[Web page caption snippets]
BEGIN

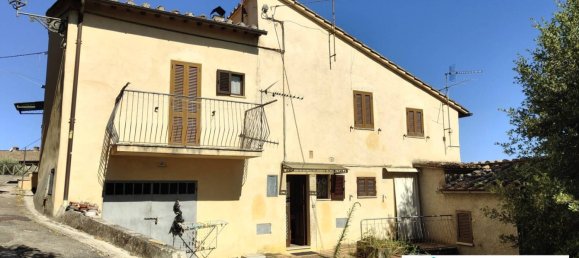 2 chambres Appartement à Amelia, Italy No. 265887 3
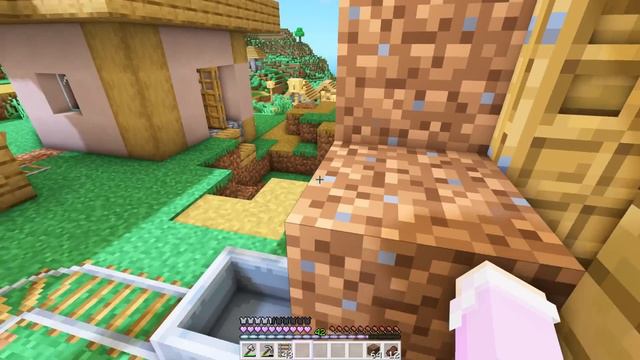 💜Allies + Bounties | Minecraft Empires 2 Ep.4 смотреть онлайн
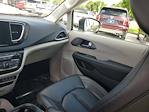 2023 Chrysler Pacifica FWD Minivan for sale #PR624613 - photo 20
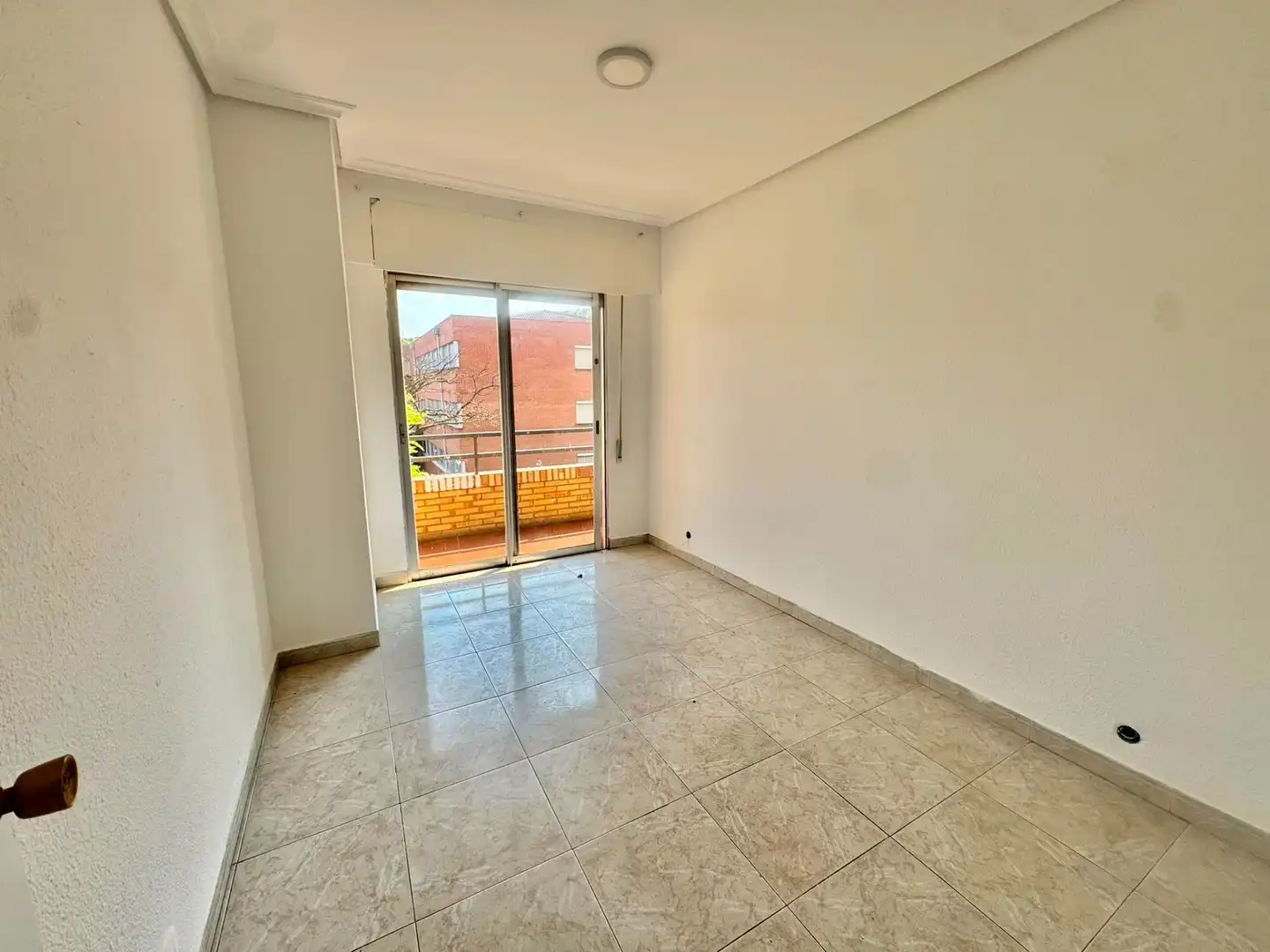 Terraza de Piso en venta en  Logroño con Calefacción y Terraza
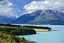 Mount Cook
Mount Cook
Nueva Zelanda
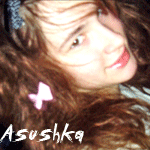  Asushka
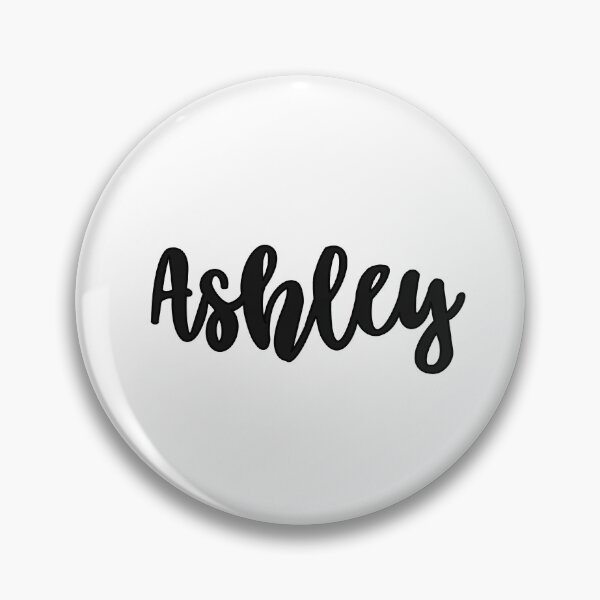 Item preview, Ashley designed and sold by MommyDoodles97.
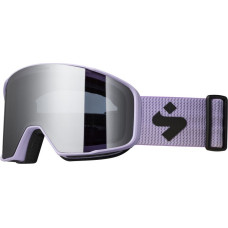 Sweet Protection Slēpošanas brilles Sweet Protection Boondock Rig Reflect W 92800558965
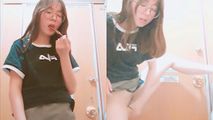 美腿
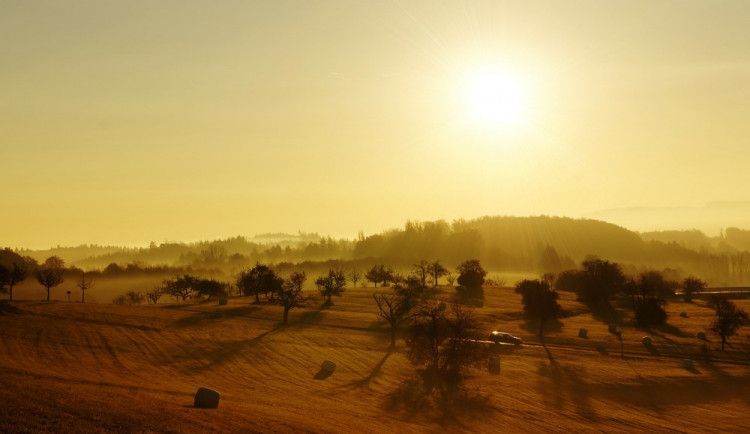 Obrázek je ilustrační.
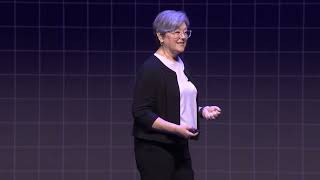 The Future of Commerce is Now — and We’re Building it Together | BigSummit 2025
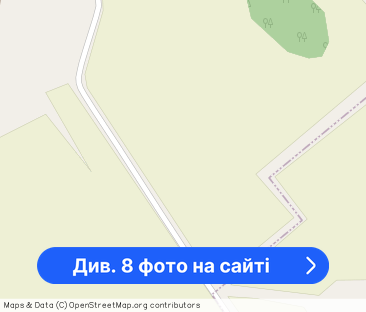 TANIO WYNAJMĘ 2 POKOJE z KUCHNIĄ na WIDZEWIE - Фото 1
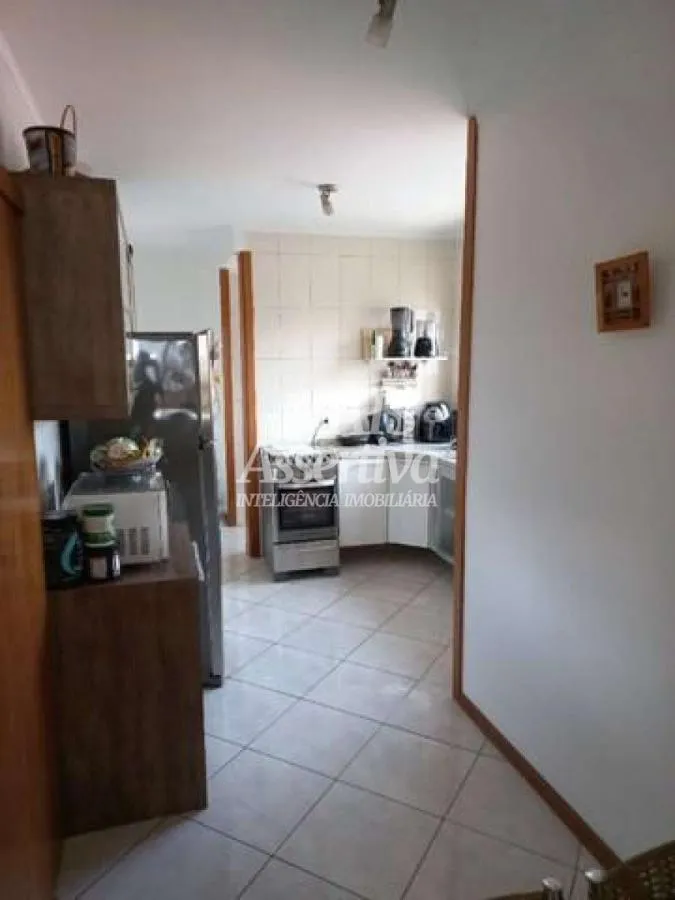 Imagem Apartamento para Venda em São Leopoldo / RS no bairro Jardim América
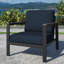 Chaise longue d'extérieur avec coussins Sunbrella® Townsend-1693230004-1722577948-1713023462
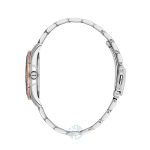 ساعت مچی زنانه دنیل کلین DANIEL KLEIN DK.1.13622-5 - Image 2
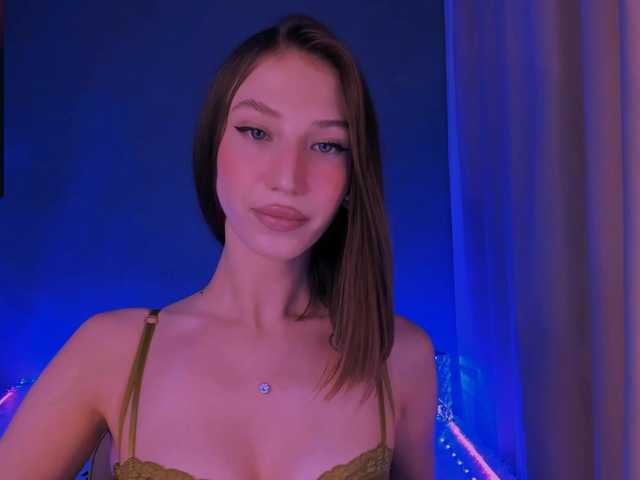 ellaamber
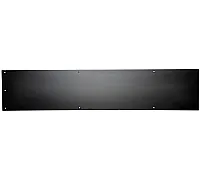 078673.0 Cover plate 3*272,5*1220 JAGUAR HEAVY-PARTS ORIGINAL, 078673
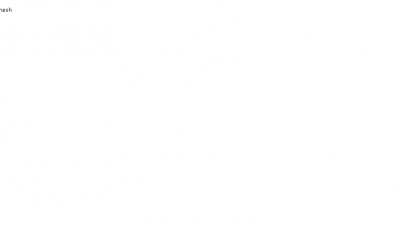 Трамп встретил в Белом доме олимпийскую сборную США по хоккею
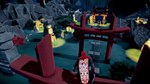 * Aragami EU Steam КЛЮЧ * ЕВРОПА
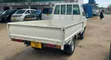 Toyota TownAce 1999 - White - 4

END

### TO DO:
Would you write out exactly the lines above, starting at the line containing "Item preview, Ashley" and stopping after the line containing "078673.0 Cover plate"? Omit the pictures.

### RESULT OF THIS TASK:
 Item preview, Ashley designed and sold by MommyDoodles97.
 Sweet Protection Slēpošanas brilles Sweet Protection Boondock Rig Reflect W 92800558965
 美腿
 Obrázek je ilustrační.
 The Future of Commerce is Now — and We’re Building it Together | BigSummit 2025
 TANIO WYNAJMĘ 2 POKOJE z KUCHNIĄ na WIDZEWIE - Фото 1
 Imagem Apartamento para Venda em São Leopoldo / RS no bairro Jardim América
 Chaise longue d'extérieur avec coussins Sunbrella® Townsend-1693230004-1722577948-1713023462
 ساعت مچی زنانه دنیل کلین DANIEL KLEIN DK.1.13622-5 - Image 2
 ellaamber
 078673.0 Cover plate 3*272,5*1220 JAGUAR HEAVY-PARTS ORIGINAL, 078673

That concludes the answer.